The reason for this is simple. While The Wall is set up like a war film, it’s not one, at least according to the genre conventions. While it may involve soldiers in a military situation, in terms of narrative, The Wall is more like a psychological horror film. That is to say, there are no armies facing off against each other, no heroics, nothing to glamourising the situation which the main characters find themselves in. And that’s important because it gives us an answer to the question of whether it’s possible to have a war film that shows the horrors of war without glamourising it.
Yes, just don’t make it a war film!
So, while that may immediately put some people off from enjoying The Wall, you really shouldn’t because as a horror film The Wall really is engaging. Laith Nakli portrays the enemy sniper with an eery, almost-obviously false humanity. It’s as though he’s playing the role of the enemy sniper as a normal man who is pretending to be a psychopath pretending to be normal man. However, while Nakli provides an excellent threat, it would be wrong to say that he steals the show and to discount Aaron Taylor-Johnson and John Cena.

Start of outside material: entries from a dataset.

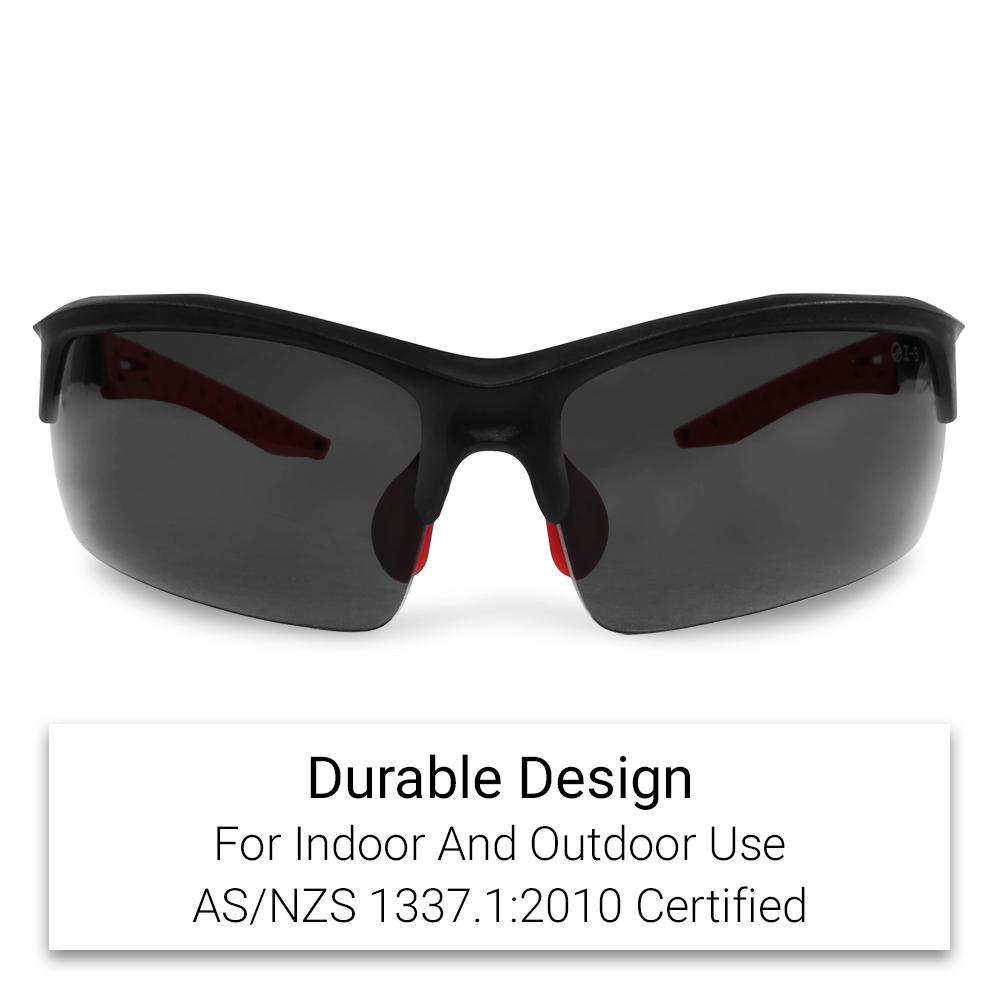 Raptor RTR80P Polarised Safety Glasses with Adjustable Nose Pad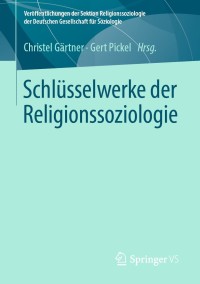 Immagine di copertina: Schlüsselwerke der Religionssoziologie 9783658152499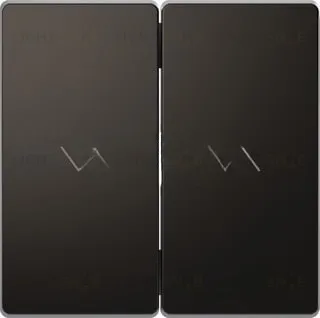 Выключатель управления жалюзи клавишный Merten D-life, 10А/250В, антрацит MTN3715-0000+MTN3855-6034 MTN3715-0000 + MTN3855-6034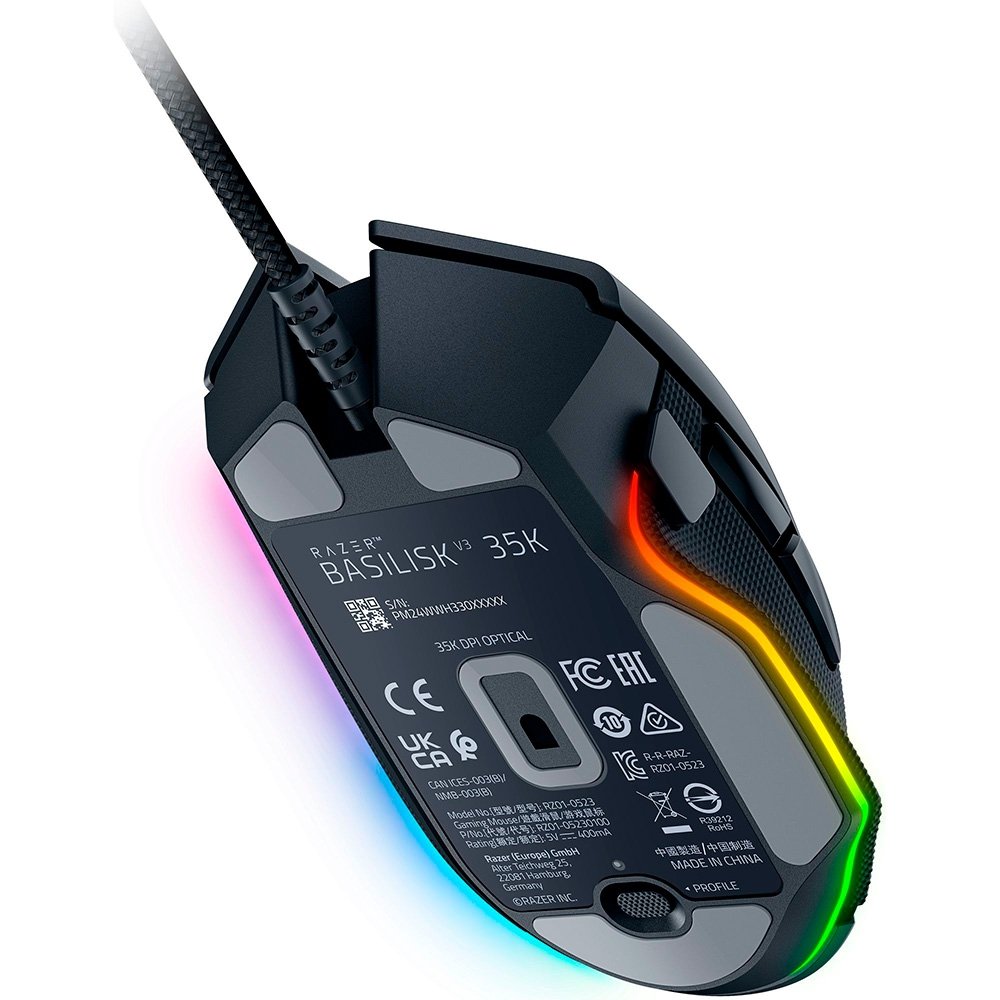 Mouse Gamer Ergonômico ( Balão.info) Basilisk V3 35K, RGB, Sensor 35K DPI, Preto - RZ01-( Balão.info - foto 7
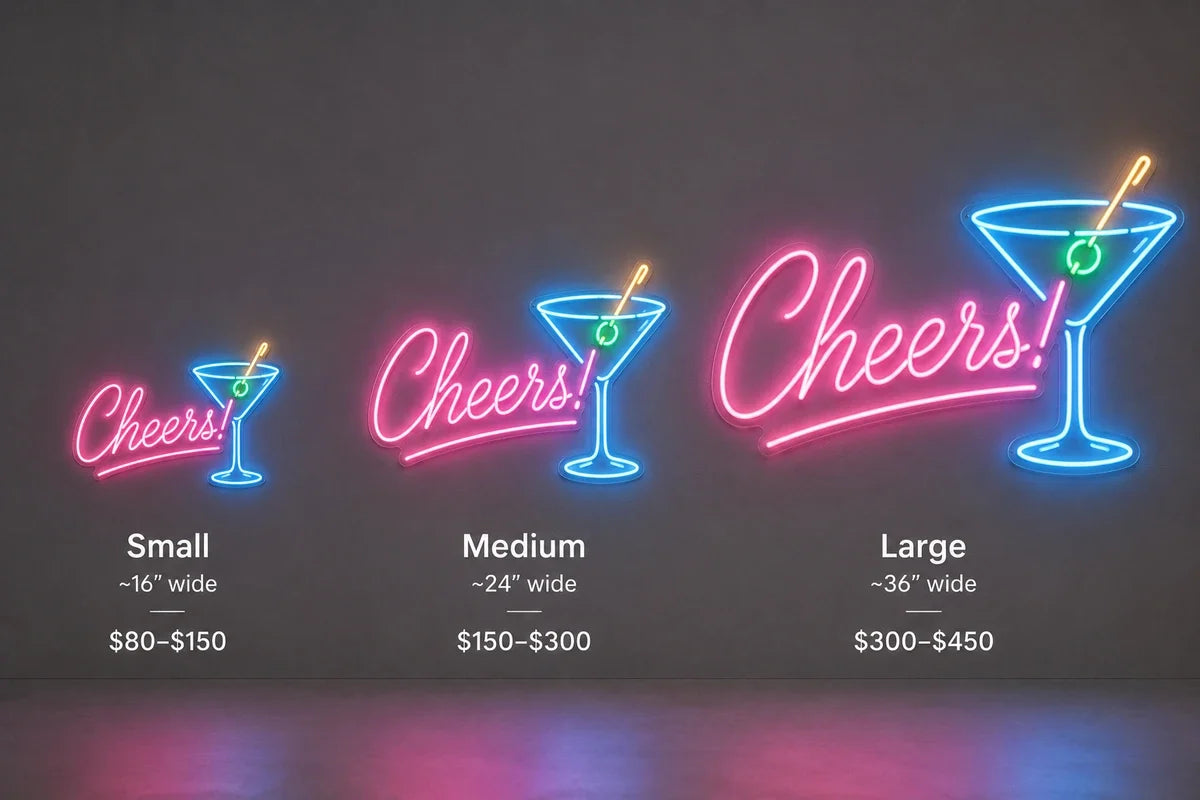 How Much Do Neon Signs Cost? 2026 Price Guide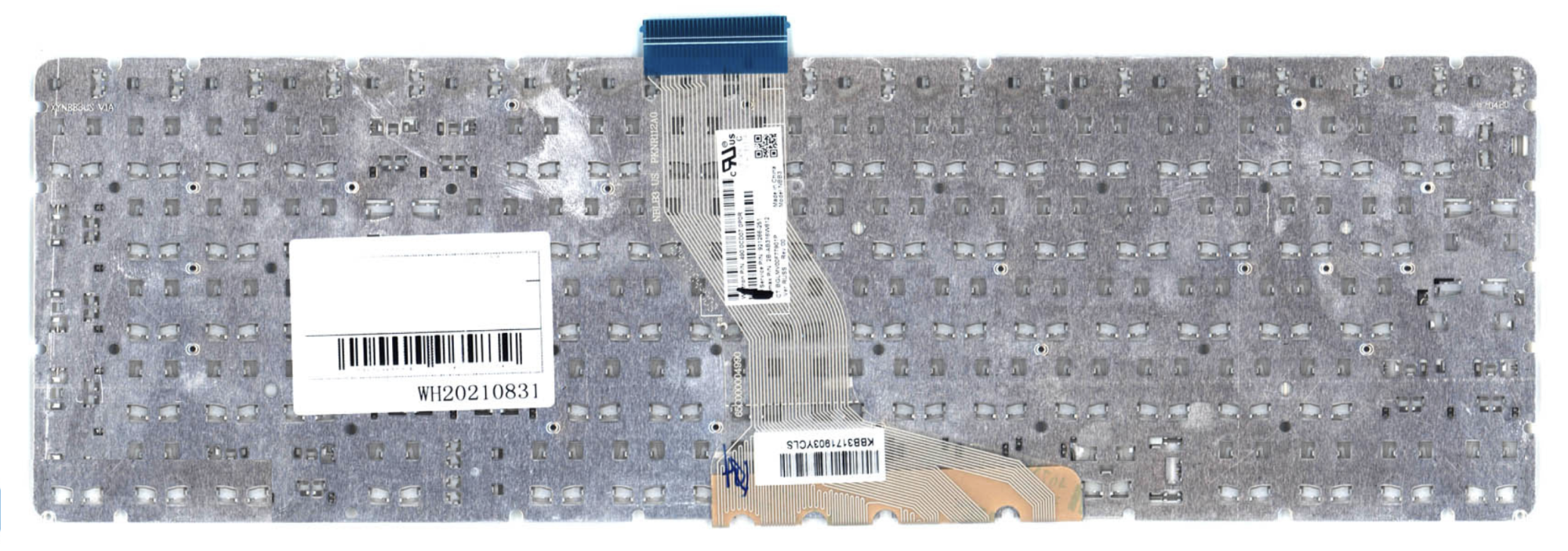 Клавиатура HP 15-BW белая, OEM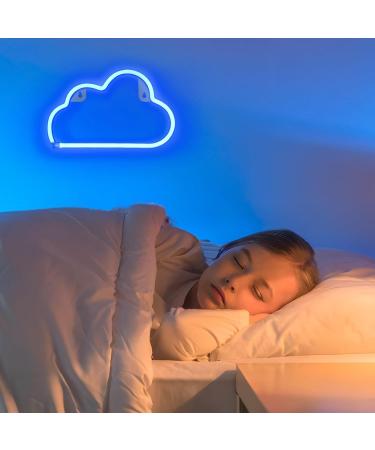 Xiyunte LED Neon Cloud Sign | Battery/USB Operated Wall Decoration | Blue Neon Light for Home & Office - Buy Online on GoSupps.com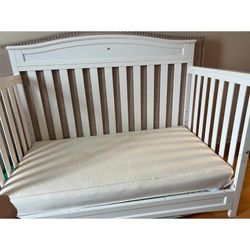 Toddler Bed With Like New Mattress 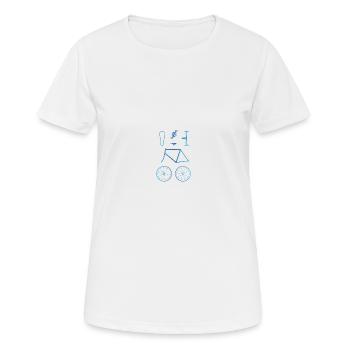 Fahrrad - Frauen T-Shirt atmungsaktiv - Weiß - Vorne - AI Model Female 172 dark (172cm)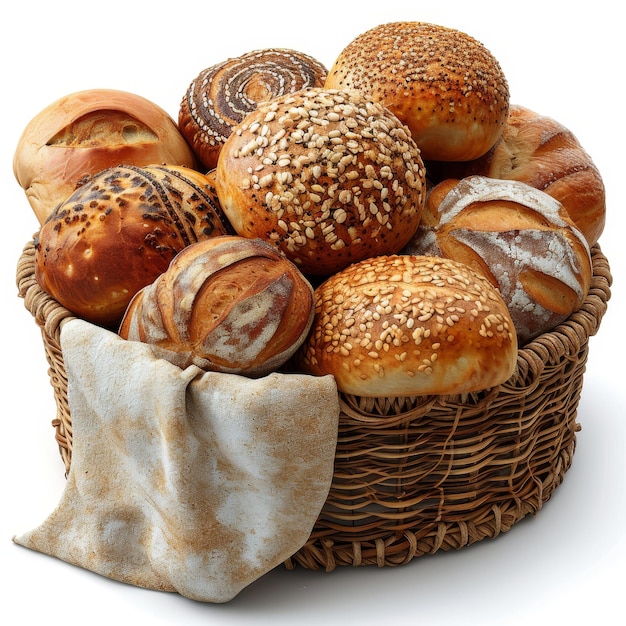 illustrazione delizioso secchio di pane stile di presentazione
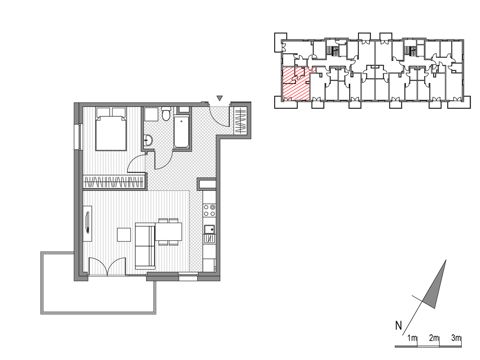 Plan 2 pok. 44m²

Taylor-Johnson portrays Sergeant Isaac Lewis as a kind of stand in for America’s military as a whole, a veteran who has been at war for so long and done so much that it’s difficult for him to stop and go back to normality. Likewise, although the latter is only in the film for a relatively short time, he manages to keep up with his more experienced co-stars. Indeed, he disappears so completely into the role that I forgot I was watching John Cena.
In terms of directing and cinematography, Doug Liman and Roman Vasyanov keeps the camera close to the action, keeping our attention squarely focussed on Sergeant Lewis and the titular wall. This means that, despite the wide open landscape which the film takes place, the film has an incredibly claustrophobic feeling, as though the whole film takes place in a locked closet. To be honest, Liman’s use of such a sparse set up stands in contrast to much of his career. Having directed such action pieces as The Bourne Identity (2002) and Live, Die, Repeat: Edge of Tomorrow (2014), you would have expected Liman to edge towards the spectacle, but instead he never ventures away from this claustrophobia, and the film is all the better for it. Likewise, the lack of music – whether diagetic or non-diagetic – means that the film relies more on diagetic sound in order to fill out the soundscape. As a result, it has a heightened sense of intimacy and terror, much more so than pretty much any other war film that I’ve seen. If I were to make a comparison, it would be to the Coen Brothers’ No Country for Old Men (2008)
Ultimately, while The Wall may not be a traditional war film, it is all the better because of it. The small cast performs well, and the directorship is done extremely well, and the music (or lack thereof) enhances the film rather than distracts from it. Though I suspect there are those who would have preferred a more traditional take on military combat, for those who are willing to experiment just a little bit will no doubt find something to enjoy in The Wall’s distant yet horrifying spectacle of war.